A year or two ago, I started swimming at our local YMCA several times a week. Finally picking up the legacy of my grandmother and mother, I was becoming a consistent swimmer. I had “my locker,” started to recognize the other regular faces in the lane next to me, knew all the lifeguards and my body learned to love this new rhythm. I felt stronger and my muscles loved the hot tub for a few minutes after laps. It fit in my schedule and I hoped I could do this forever. Then one day I stopped. I forget why. My motivation flew out the window. I got distracted. I forgot how good it was for me.
Earlier this spring, I started running every other day. Couch to 5K, here I come! I got new shoes, put on my headphones, grabbed my music and hit the roads around our neighborhood. I’ll never forget how long that 2 minute fun felt the first day! I ran through the house cheering and high-fiving my family because I had just run for TWO minutes! Then it was four. Six. Ten. I ran a mile! I loved the slow build of minutes. My fibromyalgia body could finally handle it. One day, I ran for twenty minutes and I thought I’d burst with pride in myself. Then one day I stopped. I forget why. My motivation flew out the window. I got distracted. I forgot how good it was for me. A couple years ago, I faced anxiety and panic attacks and finally committed to a daily meditation practice. There was a roaring lion of determination in me to overcome this crippling way of life. “Meditation every day for the rest of my life!” felt like good medicine. I downloaded the Insight Timer app and practiced my way to a good rhythm. In fact, the app says my longest streak was 209 days. I’ve meditated 557 days since February 2017. On the days I meditate, I feel calm, grounded and focused. I’m quicker to notice thoughts that could spiral into anxiety. It would not be an understatement to say that a daily meditation practice saved my mental health. Then one day I stopped. I forget why. My motivation flew out the window. I got distracted. I forgot how good it was for me. It’s normal to get out of the habit. Some of you get this. You don’t beat yourself up. If so, this post isn’t for you. This is for those of us whose inner critic is loud, proud and a little out of control. We’ve got this voice ripping us a new one when we make what we perceive as a mistake. The voice hisses when we let up on the gas for even a moment. The voice taunts us when we quit, stop or change our mind. That voice feels like it’s in charge. Imagine we’re at a cozy coffee shop on a chilly rainy afternoon. There’s a crackling fireplace in the corner and we’re holding ceramic mugs with warm drinks. As you take a sip, I lean over and whisper, “that voice is not in charge.” I continue as you look doubtful. “That voice holds you hostage, doesn’t it? It judges your every decision. It second guesses you. It wakes you up with dread. It never celebrates what everyone sees about you. That voice is loud. It drowns the other ones out.” You tentatively nod. I see a kindred spirit in your eyes. You know this voice too.

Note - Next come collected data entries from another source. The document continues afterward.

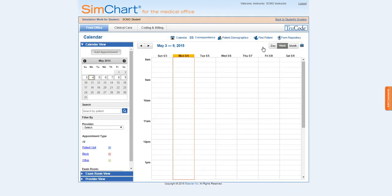The playground can be navigated to view the student's work. You can also leave comments for your student by clicking the Add Comments tab on the right.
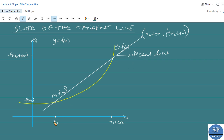So we have a fixed point x₀ on the x-axis. The corresponding function value f of x₀ gives the point x₀ comma f of x₀. We also have a later point x₀ plus delta x with corresponding value f of x₀ plus delta x, giving the point x₀ plus delta x comma f of x₀ plus delta x. The line connecting them is called a secant line.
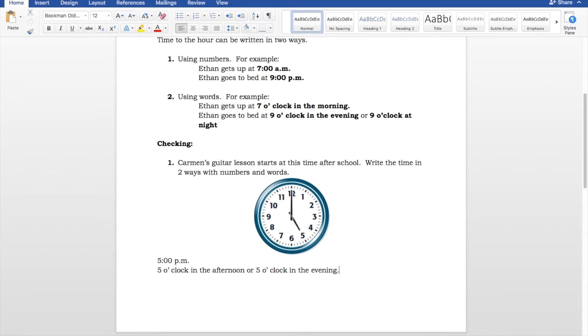5 o'clock is one of those times where you're kind of wondering, is it afternoon or evening? It's up for debate. But, either answer is acceptable. If you say 5 o'clock in the afternoon, fine. If you say 5 o'clock in the evening, that's fine.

“That voice is not in charge. That voice is afraid and is trying to protect you. You can befriend it and help it soften. That inner critic can ease. It’s not in charge of you.” When we get out of a habit, it can be so hard to start again. Our inner critic gets loud. We tell ourselves stories about how we’re not up to it. We’ll just quit again. Sure, that may be true for a season. We get sick, schedules change, crisis happens. And. We are capable of beginning again. And it’s okay if we get out of the habit, again. Sometimes I don’t want to restart something that I figure I’ll stop again. Doesn’t seem worth it. But then I remember how much I enjoyed the thing. How good it made me feel. How it helped me feel alive. Then the time comes and I begin again. I meet a lot of people who are curious about spirituality and being a part of a local church. Many of my friends get out of the habit of gathering with their church family in different seasons. Maybe it’s summer, there’s a weekend trip planned, a kid gets sick. All the sudden, they realize they’ve missed four or five Sunday gatherings in a row and they’re out of the habit. It’s normal to get out of the habit. Some of my friends feel guilty for missing church gatherings. Their inner critic tells them all kinds of stories and dishes us shame and obligation and guilt. I wouldn’t want to do anything with that voice at full blast either! It feels easier to just stop going all together. So for anyone that needs to hear this (from a pastor) today, it’s okay to get out of the habit. And you are capable of beginning again. Even if it’s only been three weeks. Three years. Or a few decades. If being part of a faith community helps you feel stronger, more grounded, at peace or more joyful, begin again. If being around friends who support, encourage, listen and let you be you, begin again. If being a part of something bigger than you, serving in your community and watching lives change is something you particularly find meaningful, begin again. If you simply need to be around more love, begin again. Know that this pastor is filled with unending compassion for friends who love their church family and then get out of the habit of gathering together. It’s okay. Much grace, friend. Know that your church family welcomes you back with hugs, smiles and an understanding nod as you enter the door, as if to say, “Welcome back. I get out of the habit too. So glad you’re here.” And your heart breathes itself home.